Every line of the material below should be output exactly as written, with the images skipped.

━━━━━ MATERIAL PROVIDED

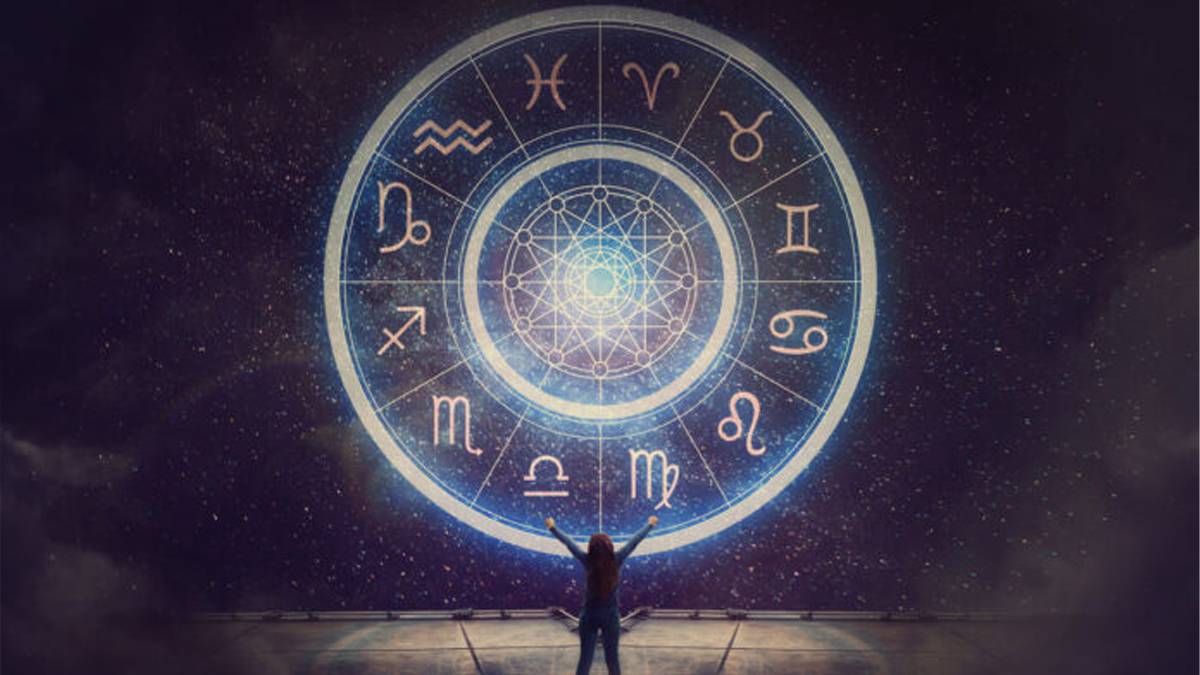 Astrolojinin kara kutusu: Onlara verdiğiniz sır mezara kadar gidiyor! İşte en iyi sır saklayan 3 burç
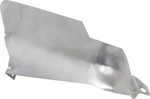 1968-74 Chevrolet Big Block Starter Motor Solenoid Heat Shield. Fixed Price $33.99.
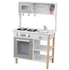 KidKraft - All Time Play Kitchen With Accessories- Babystore.ae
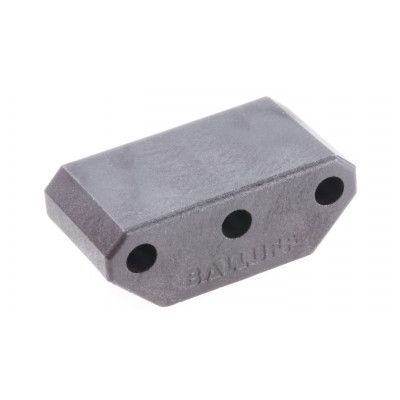 Магнит BALLUFF - BAM014M BTL5-P-3800-2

━━━━━━━━━━

__ANSWER SPACE__
 Astrolojinin kara kutusu: Onlara verdiğiniz sır mezara kadar gidiyor! İşte en iyi sır saklayan 3 burç
 1968-74 Chevrolet Big Block Starter Motor Solenoid Heat Shield. Fixed Price $33.99.
 KidKraft - All Time Play Kitchen With Accessories- Babystore.ae
 Магнит BALLUFF - BAM014M BTL5-P-3800-2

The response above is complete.